É também por isso que July é especial: marca o regresso aos discos a que nos habituou, lírica e instrumentalmente inspirados, e que atiram para trás das costas um período complicado da sua vida, que envolveu problemas de bebida e uma relação terminada.
Estes factos, dignos de capa em algum tablóide nacional caso Marissa Nadler fosse a rockstar que não é, pouco teriam de relevantes por si só. É, porém, na forma como (se) reflectem (n)a sua música que os refiro.
Este é mais um disco semelhante ao que Marissa Nadler nos foi habituando: melodias sombrias e densas (mais fantasmagóricas que sonhadoras, como regularmente as rotulam) e histórias de “personagens” semi-ficcionais misturadas com relatos confessionais – mas relatos desapiedados e que, pela sonoridade melódica, nos fazem ver em Marissa Nadler não uma singer-songwriter dorida, a cantar os problemas amorosos banais em baladas lacrimejantes, mas uma personagem ela mesma: misteriosa, fantasmagórica e contraditória.
O que aqui ouvimos é, em certa medida, a folk contaminada pelo rock de forma intimista. Há referências, claro: os dedilhados de guitarra acústica soam clássicos e contidos (não é à toa que se diz fã de Townes van Zandt, que John Fahey é apontado como uma das suas referências, que tem em Joni Mitchell um ídolo ou que já fez um belo cover de “Famous Blue Raincoat”, de Leonard Cohen).
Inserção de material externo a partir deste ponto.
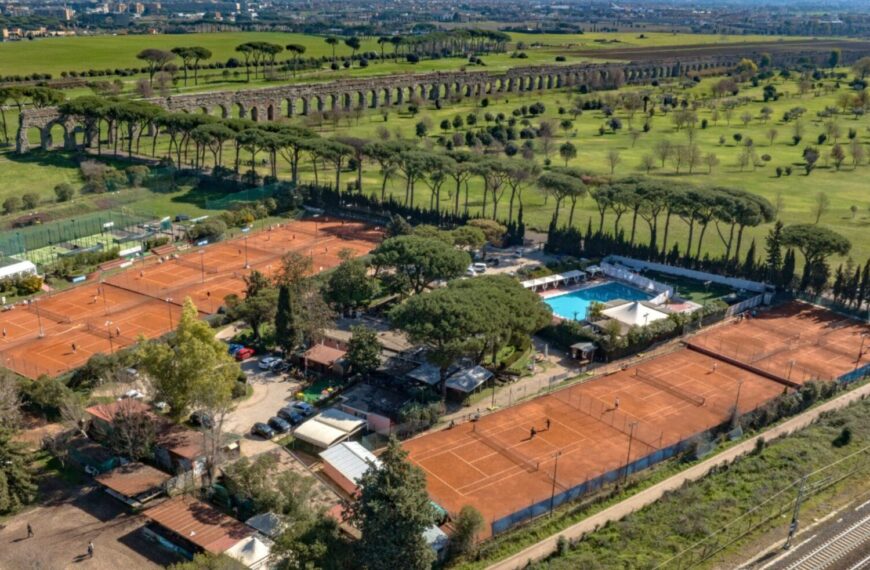 circolo tennis roma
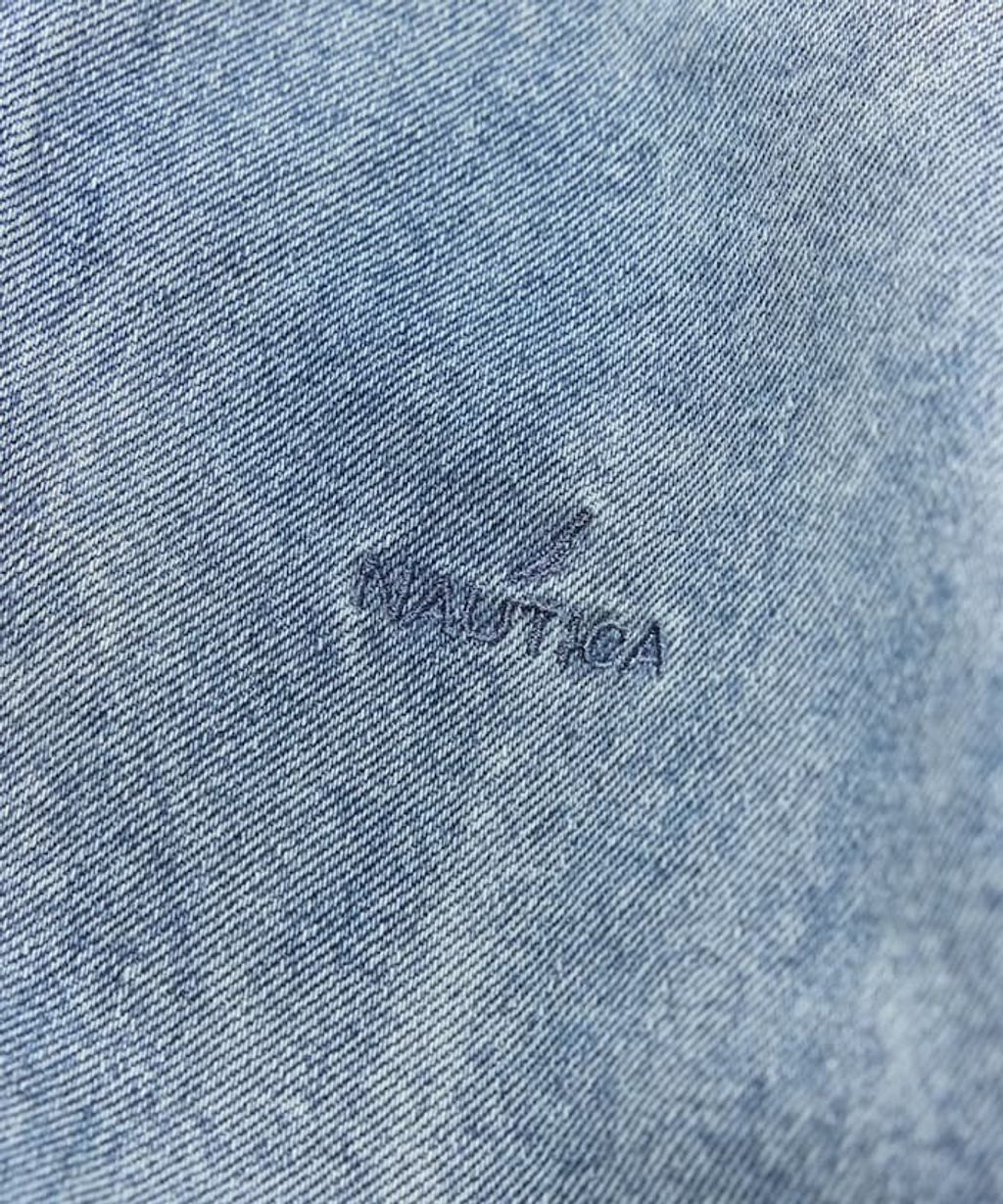 FREAKS STORE 燈芯絨領13.5oz復古水染牛仔外套_16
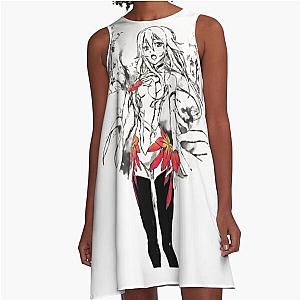 Guilty Crown Inori Dress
A sua voz, por sua vez, soa cada vez mais afinada e bela, e tudo isto é contaminado (ou, talvez, antagonizado) por um som propositadamente nebuloso (digamos desta forma: é uma Lana Del Rey intimista e com fantasmas com que se ocupar).
Embora o álbum funcione bem como um todo (tanto em termos líricos como instrumentais, há um trabalho que se sente fazer sentido estar reunido), existem vários pontos fortes. A primeira canção, “Drive”, é um deles, e mostra logo ao que vem esta figura de culto semi-desconhecida – o refrão a fazer-se com os versos «Nothing like the way it feels/to drive» (e o “to drive” é prolongado, a acentuar ainda mais esse caminho que se percorre e percorre, que faz a solidão parecer eterna e bela), os já referenciados problemas de bebida a serem abordados («Used to drink more than you could/waiting for the light»), atirando-os a um destinário que é a própria (esse jogo de quem é o “eu”, o “tu” e o “ele/ela” faz parte da teia narrativa de Nadler). Já dizia Rimbaud: «Je est un autre.»
“Dead City Emily”, também da primeira parte do disco, é outra das canções que provavelmente perdurarão (pelo menos para os fãs de Nadler) – ouve-se uma voz espectral a cantar esperanças e a destruí-las quase em simultâneo, com um sintetizador que entra e se prolonga agudizando a melancolia.
Acrescento ainda “Anyone Else”, uma canção que tanto é desilusão quanto resignação («All the years I’ve held you close/you should’ve been somebody else, I know»), onde maduramente atira críticas que chama de volta – é como se fosse também sua a responsabilidade das ilusões que descambam, e a dado momento só se ouve o lamento da guitarra acústica com vozes que a assombram.
July é um disco que resulta de uma maior maturidade: é ainda mais belo, profundo e vivido que os anteriores. É a folk tratada de uma forma clássica, é certo, mas não datada. E se há discos recentes que não têm tempo, instrumental e ideologicamente falando, este é um deles.